What you need to do
The reply should contain every entry exactly as given, with no pictures in it.

═══ Provided entries ═══

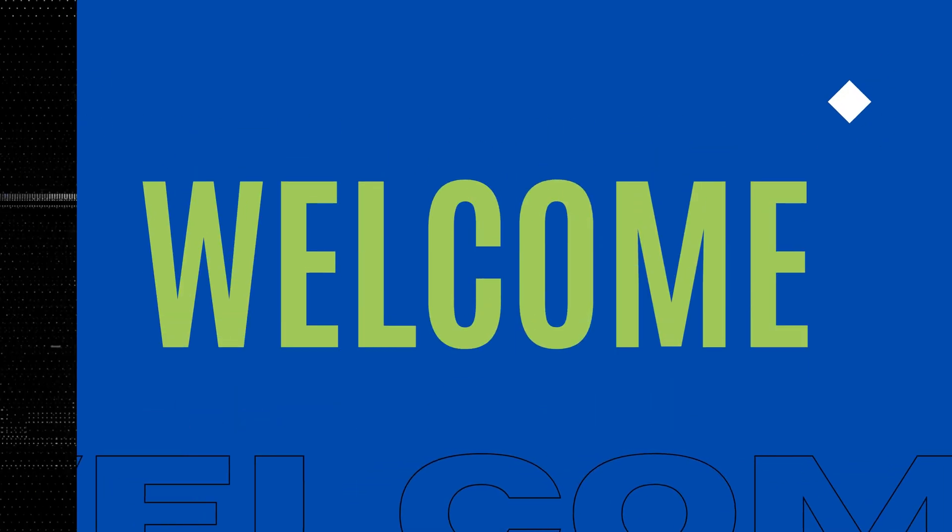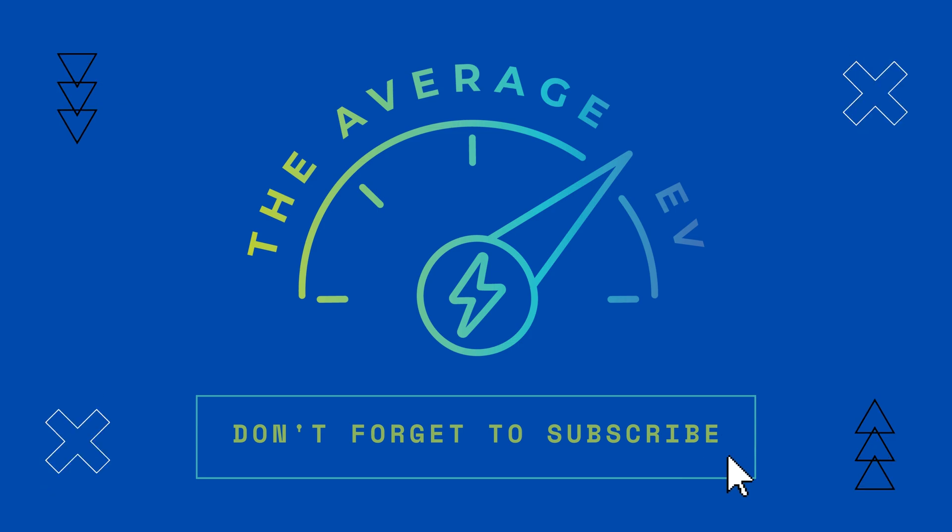Hello and welcome to another episode of The Average EV. Today I'm going to be talking about the mixed range of the Chevrolet Equinox EV, and that it's actually not too bad. So if you're watching this video, I hope you've already seen my range test video where I range tested the Chevy Equinox EV at 70 miles per hour and got a result that I wasn't super pleased with.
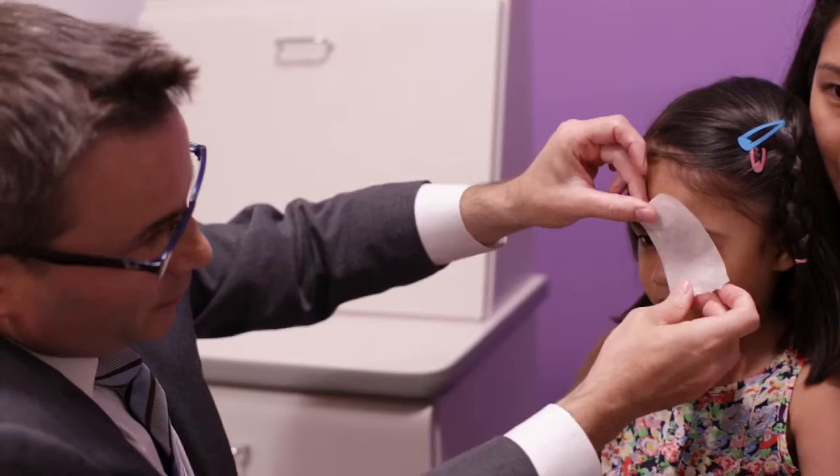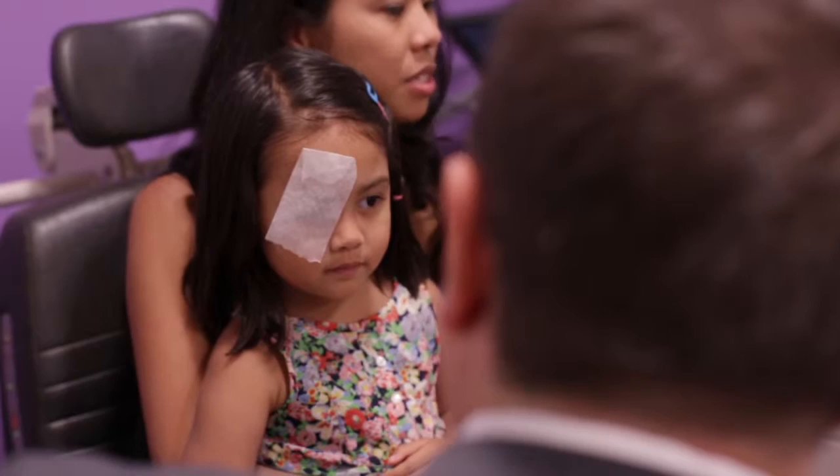Two thirds of the time, in addition to the glasses, we'll also put a patch on the better eye in order to force the brain to use the eye that's not working as well — the amblyopic eye.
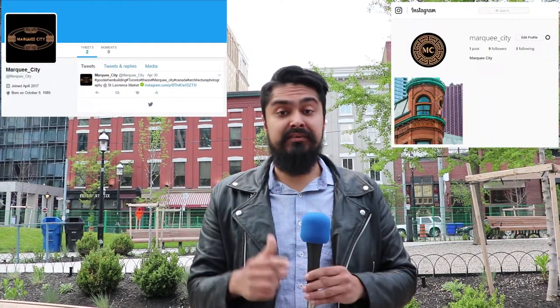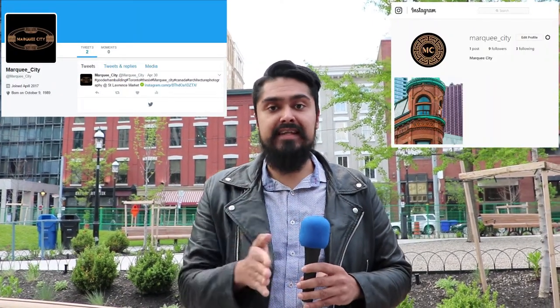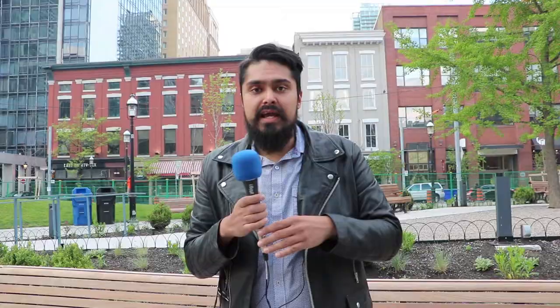Thank you guys for watching our first ever video. We here at Marquee City love this town and love to cover architecture, urban design, and transportation. If you're an urban nerd like us, please like and subscribe. You can follow us on Instagram and Twitter at Marquee underscore city, and you can follow me personally on Instagram at Zaid Opal or on Twitter at Zaid underscore Opal. I'll see you guys another time and in another place.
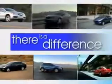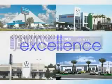When it comes to car buying, there is a difference. Experience excellence at any Jenkins dealership.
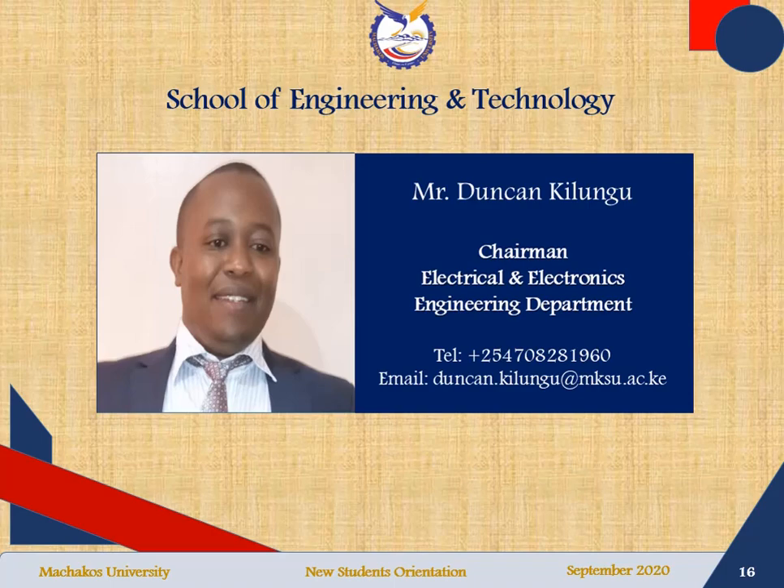Mr. Duncan Kilungu is the chairman of the Electrical and Electronics Engineering Department. If you have any inquiries, you can reach him on the telephone number indicated or you can write him an email using the email address provided.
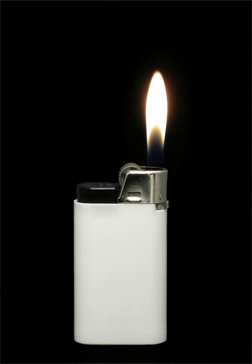A lighter is a portable device used to create a flame, and to ignite a variety of combustible materials, such as cigars, gas stoves, fireworks, candles or cigarettes.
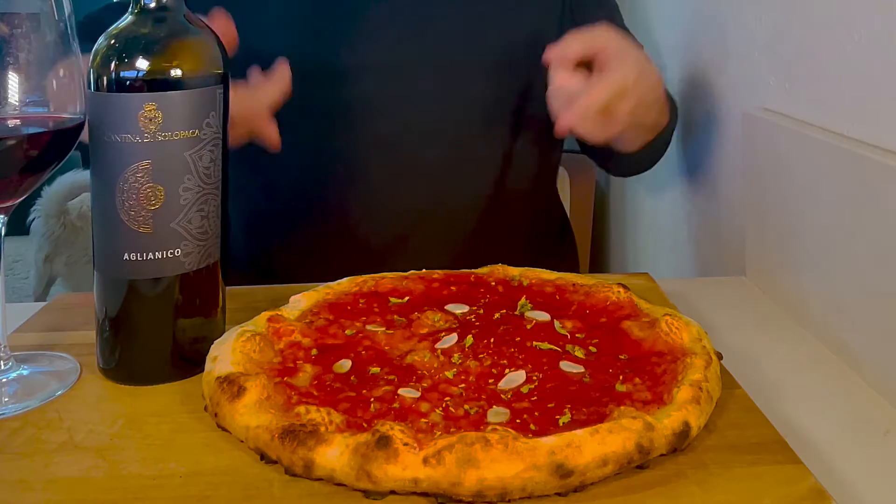Hi, this is Ferdi with Wine Insiders. Thank you for joining our Ultimate Wine Pairing series. Today, we'll pair wine with one of the world's favorite comfort foods, pizza.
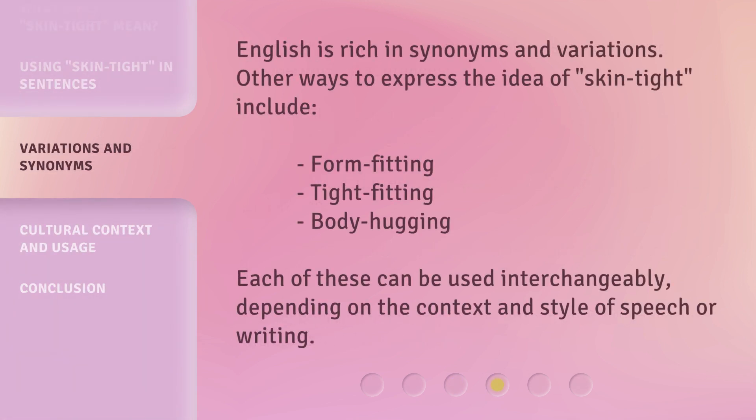English is rich in synonyms and variations. Other ways to express the idea of 'skin tight' include: form-fitting, tight-fitting, and body-hugging. Each of these can be used interchangeably, depending on the context and style of speech or writing.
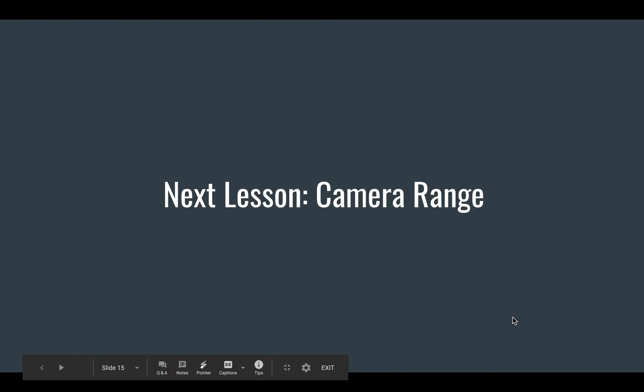Next up is a lesson on camera range. You can expect this tomorrow. We're going to be talking about different proximities between the camera and what it's shooting, and why those distinctions matter.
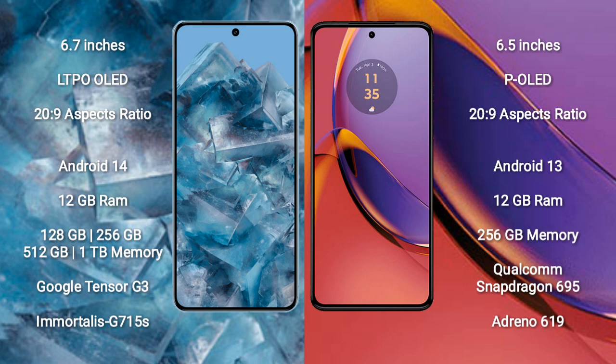Google Pixel 8 Pro runs on the Android 14 operating system. Motorola Moto G84 runs on the Android 13 operating system.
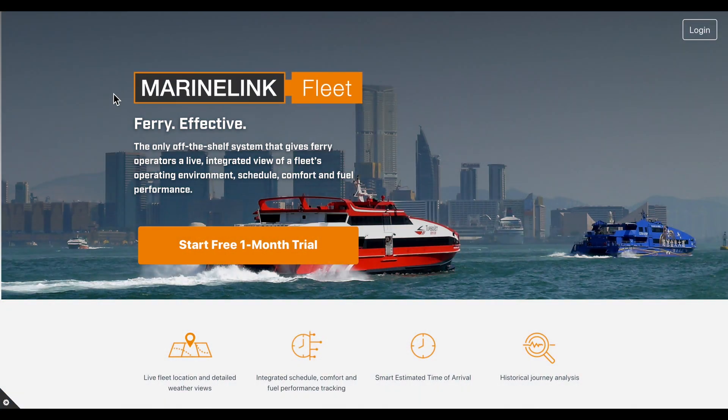My name is Max van Sommer and I'm the product owner at our store for MarineLink Fleet. This short video will provide a quick introduction to the main features and benefits to ferry operations teams that we've built into MarineLink Fleet.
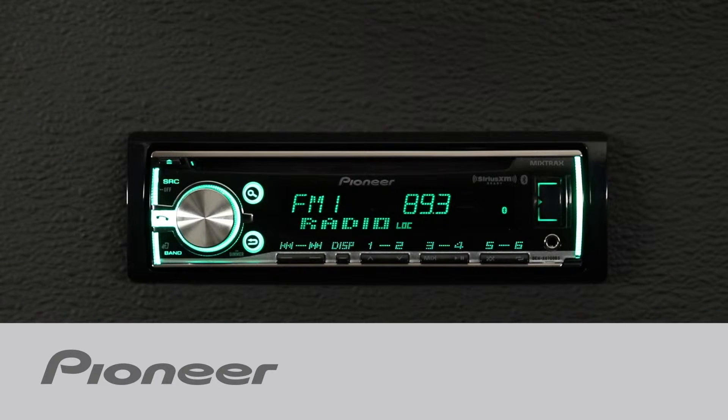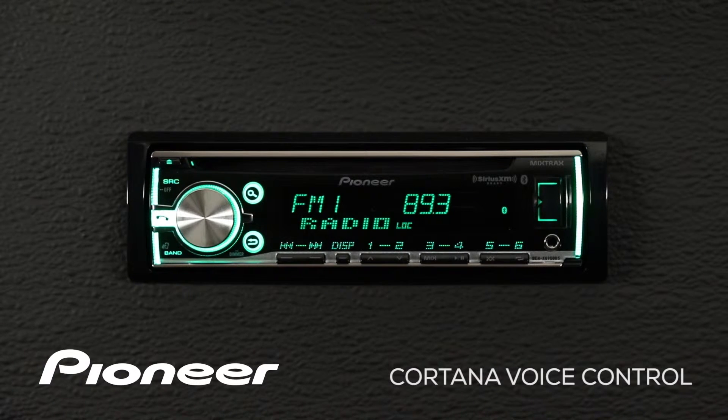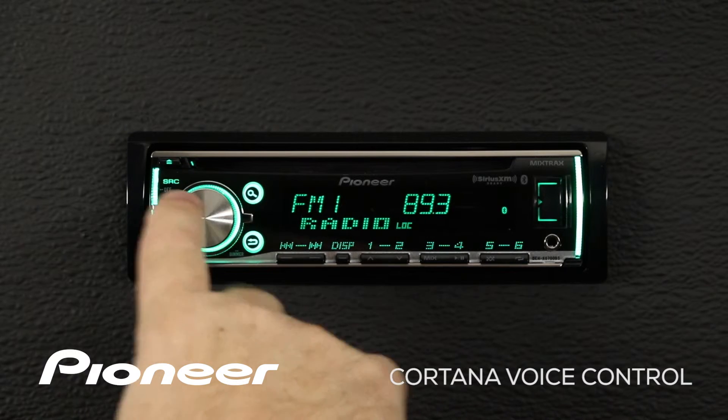On selected Windows phones, Pioneer's DEHX 6700BS can allow you access to Cortana, your personal assistant, right through the head unit. To activate voice control, all you have to do is press and hold the volume control for a couple of seconds, and remember, wait for the beep.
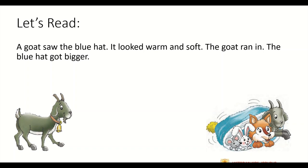Now we will move on to the next paragraph. A goat saw the blue hat. It looked warm and soft. The goat ran in. The blue hat got bigger.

═══

Answer for the task
Hello and welcome to another episode of The Average EV. Today I'm going to be talking about the mixed range of the Chevrolet Equinox EV, and that it's actually not too bad. So if you're watching this video, I hope you've already seen my range test video where I range tested the Chevy Equinox EV at 70 miles per hour and got a result that I wasn't super pleased with.
Two thirds of the time, in addition to the glasses, we'll also put a patch on the better eye in order to force the brain to use the eye that's not working as well — the amblyopic eye.
Thank you guys for watching our first ever video. We here at Marquee City love this town and love to cover architecture, urban design, and transportation. If you're an urban nerd like us, please like and subscribe. You can follow us on Instagram and Twitter at Marquee underscore city, and you can follow me personally on Instagram at Zaid Opal or on Twitter at Zaid underscore Opal. I'll see you guys another time and in another place.
When it comes to car buying, there is a difference. Experience excellence at any Jenkins dealership.
Mr. Duncan Kilungu is the chairman of the Electrical and Electronics Engineering Department. If you have any inquiries, you can reach him on the telephone number indicated or you can write him an email using the email address provided.
A lighter is a portable device used to create a flame, and to ignite a variety of combustible materials, such as cigars, gas stoves, fireworks, candles or cigarettes.
Hi, this is Ferdi with Wine Insiders. Thank you for joining our Ultimate Wine Pairing series. Today, we'll pair wine with one of the world's favorite comfort foods, pizza.
English is rich in synonyms and variations. Other ways to express the idea of 'skin tight' include: form-fitting, tight-fitting, and body-hugging. Each of these can be used interchangeably, depending on the context and style of speech or writing.
Next up is a lesson on camera range. You can expect this tomorrow. We're going to be talking about different proximities between the camera and what it's shooting, and why those distinctions matter.
Google Pixel 8 Pro runs on the Android 14 operating system. Motorola Moto G84 runs on the Android 13 operating system.
My name is Max van Sommer and I'm the product owner at our store for MarineLink Fleet. This short video will provide a quick introduction to the main features and benefits to ferry operations teams that we've built into MarineLink Fleet.
On selected Windows phones, Pioneer's DEHX 6700BS can allow you access to Cortana, your personal assistant, right through the head unit. To activate voice control, all you have to do is press and hold the volume control for a couple of seconds, and remember, wait for the beep.
Now we will move on to the next paragraph. A goat saw the blue hat. It looked warm and soft. The goat ran in. The blue hat got bigger.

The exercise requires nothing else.